No longer as simple as compiling a wordlist

Language documentation is no longer seen as only generating a description of the grammar and some wordlists, but it now needs to be based on large amounts of primary data, such as audio and video recordings of the speakers. In particular, video recordings also capture the environment in which languages are spoken.

These media recordings are being transcribed to a certain extent, a free translation is created into one of the main languages. For some material, morphosyntactic glossing - that is, annotations of linguistic content (morphology, syntax, semantics) - is being added to describe part of the linguistic system and other type of information can be added by special analysis such as describing the gestures, anthropologic phenomena, etc.

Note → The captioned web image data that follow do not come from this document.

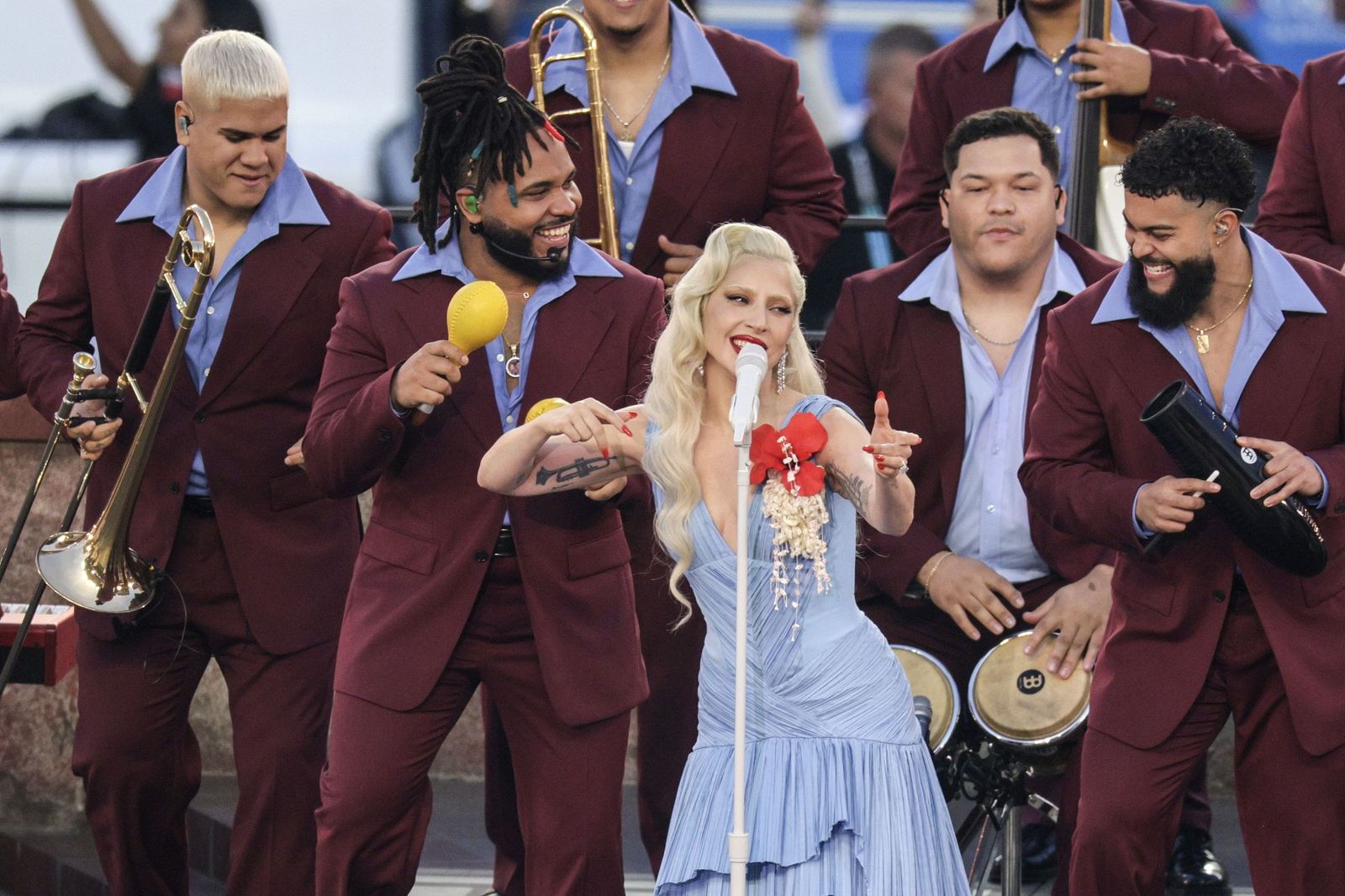 Las mejores fotos de la Super Bowl con la actuación de Bad Bunny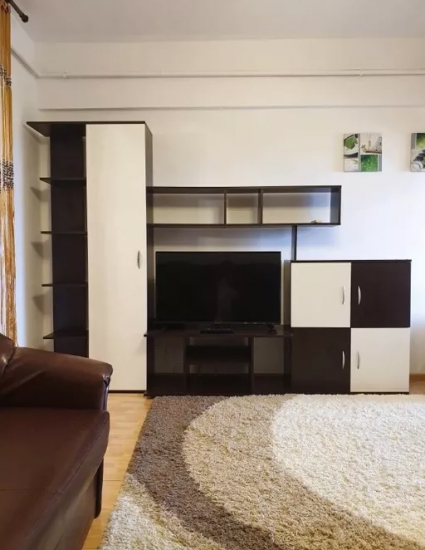 Apartament cu o camera de inchiriat situat in zona Hala Centrala 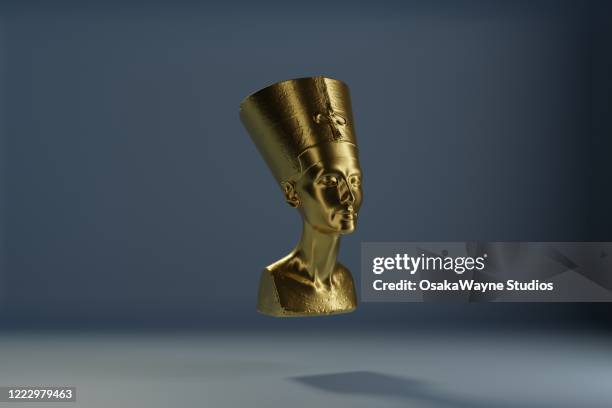 golden bust of nefertiti - queen cleopatra vii of egypt stockfoto's en -beelden
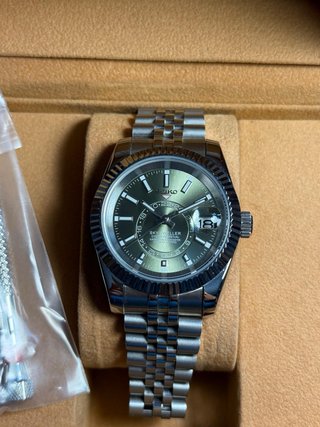 Seiko Skydweller Verde 40mm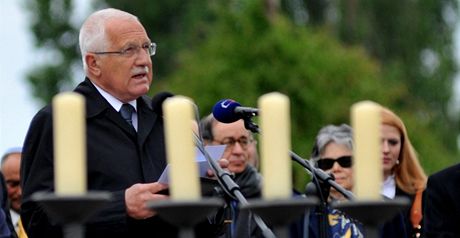 Prezident Václav Klaus pi projevu na terezínské tryzn (15. kvtna 2011)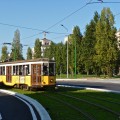 Tram a carrelli 1835in servizio sulla linea 10 davanti al Cimitero Monumentale - Foto Luca Adorna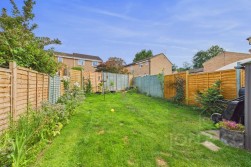 Hamsterly Park | Southfields | NN3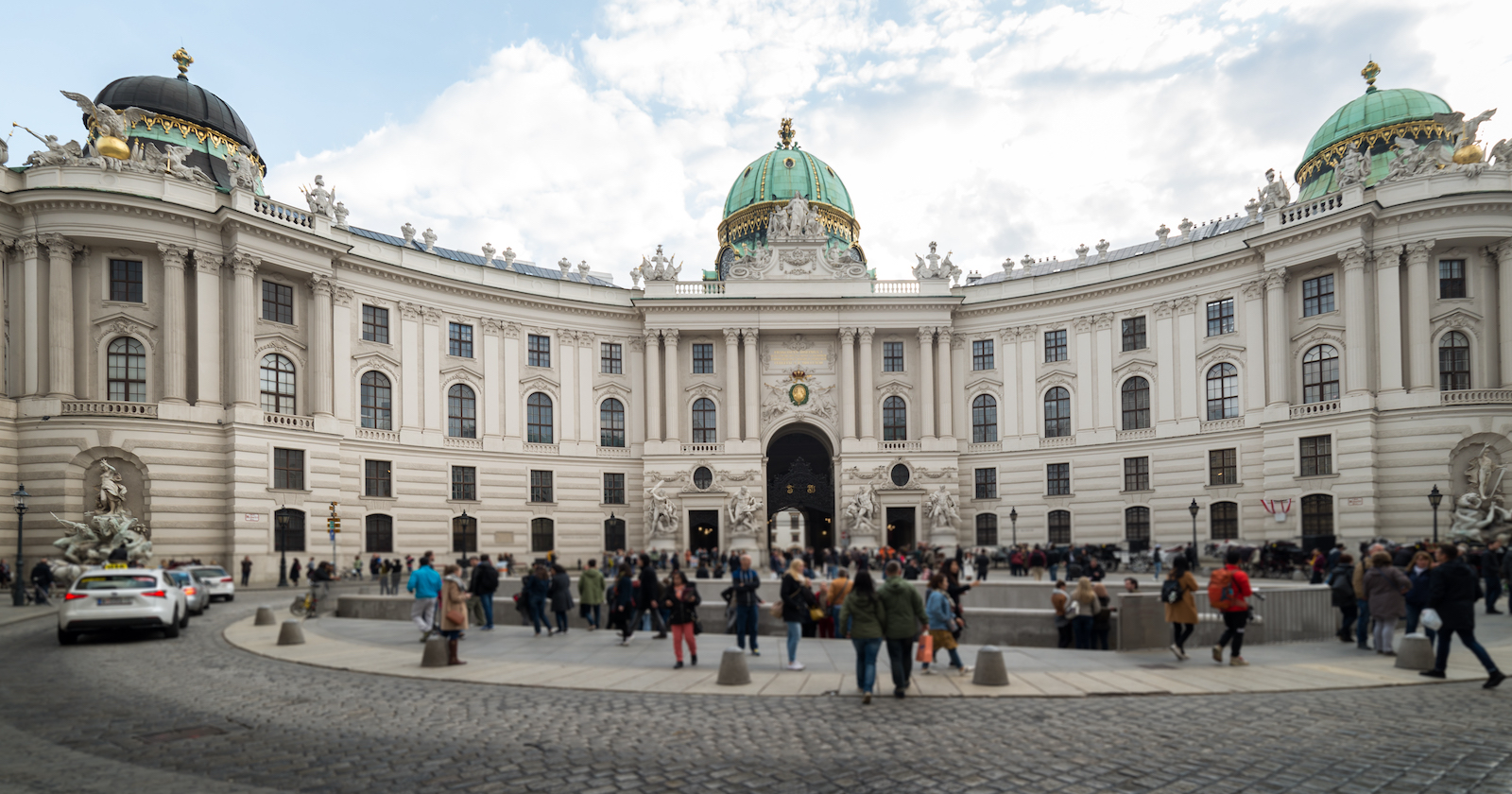 Hofburg in Wien | iStock.com/LevTsimbler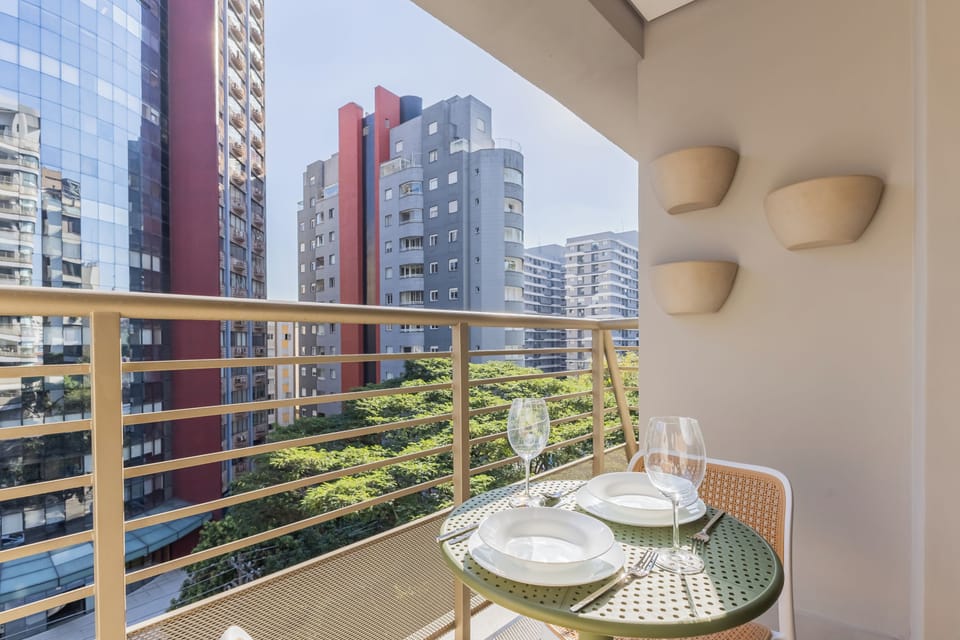 Elite Apartment, 1 Queen Bed with Sofa bed, Balcony, City View | Outdoor dining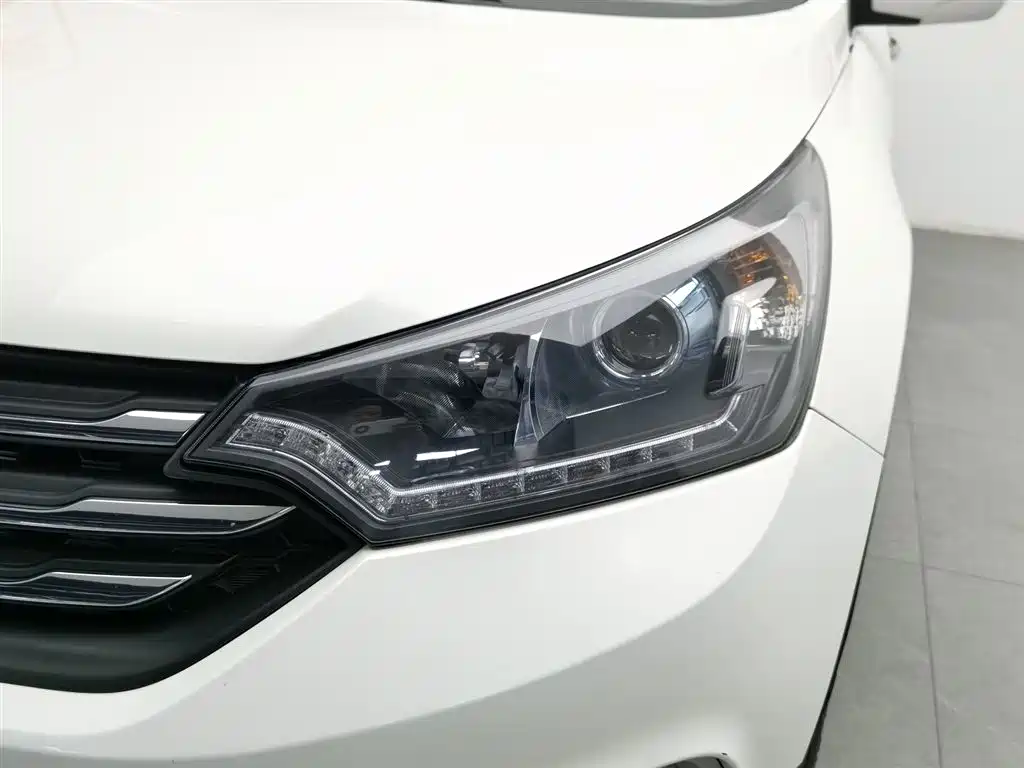 Dongfeng AX7 2015 2.0L AT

This annotation work is very time consuming since it has to be done manually. For higher linguistic annotations, this can take more than 100 times real time. In addition lexica are derived and where possible sketch grammars are being added. Conceptual spaces where major concepts are brought into relation allow documenters and language community members to access the documentation material from a cultural point of view.

It is well understood now that digital data will be lost in shortest time if it is not uploaded to a digital repository that is fulfilling a number of criteria. This is the reason that from the beginning the DOBES project was associated with a digital archive that will take care of bit-stream preservation and format curation.

Four copies at large data centres

Bit-stream preservation is supported by generating four external and dynamic copies of all data objects at large remote data centers and by having set up 10 regional archives at places where the languages being recorded are spoken.

The use of standards is the basis for long-term interpretability of the data. But also the use of metadata is important since it allows to relate objects with each other and it provides the contextual and provenance information that is necessary to interpret the object.

The DOBES program can be seen as a very successful start into the eHumanities era as well, since it helped in changing the scientific culture and since the archived data can now be used to carry out cross-linguistic studies.

The goals and principles of DOBES were an excellent starting point for the infrastructure work being done in CLARIN which is one of the projects selected to be on the ESFRI roadmap. CLARIN’s goal is to establish an integrated and interoperable domain of language resources and tools, the persistence of which will be guaranteed by a network of strong service centers. As an early example of the integration efforts we can refer to the virtual language observatory that also covers for example all DOBES data.

This is a brief summary of the talk "Language and culture documentation in DOBES" given by Peter Wittenburg at APAN in Mumbai this week.